- Opening Delimiter -

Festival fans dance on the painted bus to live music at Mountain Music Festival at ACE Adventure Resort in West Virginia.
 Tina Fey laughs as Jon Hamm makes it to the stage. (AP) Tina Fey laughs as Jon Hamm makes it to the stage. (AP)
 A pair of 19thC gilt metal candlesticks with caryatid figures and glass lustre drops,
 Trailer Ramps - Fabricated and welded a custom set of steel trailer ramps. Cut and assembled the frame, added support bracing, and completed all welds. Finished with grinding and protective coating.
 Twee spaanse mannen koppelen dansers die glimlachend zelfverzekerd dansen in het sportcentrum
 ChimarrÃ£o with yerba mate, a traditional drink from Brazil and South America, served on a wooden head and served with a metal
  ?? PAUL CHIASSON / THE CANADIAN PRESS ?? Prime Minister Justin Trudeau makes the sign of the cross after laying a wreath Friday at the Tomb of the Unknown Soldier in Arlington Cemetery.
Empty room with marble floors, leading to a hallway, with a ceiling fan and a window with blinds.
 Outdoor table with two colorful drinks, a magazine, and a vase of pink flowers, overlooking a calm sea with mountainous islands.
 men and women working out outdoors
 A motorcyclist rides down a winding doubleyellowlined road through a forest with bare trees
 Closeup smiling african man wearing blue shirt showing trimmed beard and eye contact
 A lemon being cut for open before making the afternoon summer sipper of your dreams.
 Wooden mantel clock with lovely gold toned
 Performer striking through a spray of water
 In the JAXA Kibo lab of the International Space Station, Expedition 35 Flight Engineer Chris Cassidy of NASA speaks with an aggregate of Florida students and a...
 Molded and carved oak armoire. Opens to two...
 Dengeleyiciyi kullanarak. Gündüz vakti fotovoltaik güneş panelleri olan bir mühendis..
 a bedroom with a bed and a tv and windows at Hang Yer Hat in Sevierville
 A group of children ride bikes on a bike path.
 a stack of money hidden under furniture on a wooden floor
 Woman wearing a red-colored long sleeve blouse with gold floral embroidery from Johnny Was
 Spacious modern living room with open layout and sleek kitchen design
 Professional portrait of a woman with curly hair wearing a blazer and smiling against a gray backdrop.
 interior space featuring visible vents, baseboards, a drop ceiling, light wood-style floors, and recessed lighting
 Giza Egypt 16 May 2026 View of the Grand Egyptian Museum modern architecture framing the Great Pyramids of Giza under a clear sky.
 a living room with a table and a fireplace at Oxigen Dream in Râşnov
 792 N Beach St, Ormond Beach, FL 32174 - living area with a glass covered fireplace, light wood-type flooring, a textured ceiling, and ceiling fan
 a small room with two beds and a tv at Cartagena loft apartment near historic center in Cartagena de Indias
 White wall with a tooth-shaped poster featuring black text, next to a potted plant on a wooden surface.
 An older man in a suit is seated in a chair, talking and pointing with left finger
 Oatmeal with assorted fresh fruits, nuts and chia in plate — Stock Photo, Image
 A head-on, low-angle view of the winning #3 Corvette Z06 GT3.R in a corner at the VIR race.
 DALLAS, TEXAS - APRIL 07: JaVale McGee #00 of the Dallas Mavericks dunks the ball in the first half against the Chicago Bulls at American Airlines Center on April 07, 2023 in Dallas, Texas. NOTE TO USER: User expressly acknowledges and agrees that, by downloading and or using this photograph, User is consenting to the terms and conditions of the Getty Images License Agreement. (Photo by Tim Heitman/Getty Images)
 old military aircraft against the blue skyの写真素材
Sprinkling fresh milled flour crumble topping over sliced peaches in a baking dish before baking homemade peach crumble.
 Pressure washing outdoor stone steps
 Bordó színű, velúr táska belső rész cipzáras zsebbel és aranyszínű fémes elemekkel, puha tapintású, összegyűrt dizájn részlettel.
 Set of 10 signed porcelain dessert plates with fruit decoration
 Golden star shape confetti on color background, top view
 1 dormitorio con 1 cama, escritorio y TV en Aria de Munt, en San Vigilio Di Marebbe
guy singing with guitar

- Closing Delimiter -

### [About this exercise]
Copy the lines above that hold the word "against".

### [Output of the exercise]
 Professional portrait of a woman with curly hair wearing a blazer and smiling against a gray backdrop.
 DALLAS, TEXAS - APRIL 07: JaVale McGee #00 of the Dallas Mavericks dunks the ball in the first half against the Chicago Bulls at American Airlines Center on April 07, 2023 in Dallas, Texas. NOTE TO USER: User expressly acknowledges and agrees that, by downloading and or using this photograph, User is consenting to the terms and conditions of the Getty Images License Agreement. (Photo by Tim Heitman/Getty Images)
 old military aircraft against the blue skyの写真素材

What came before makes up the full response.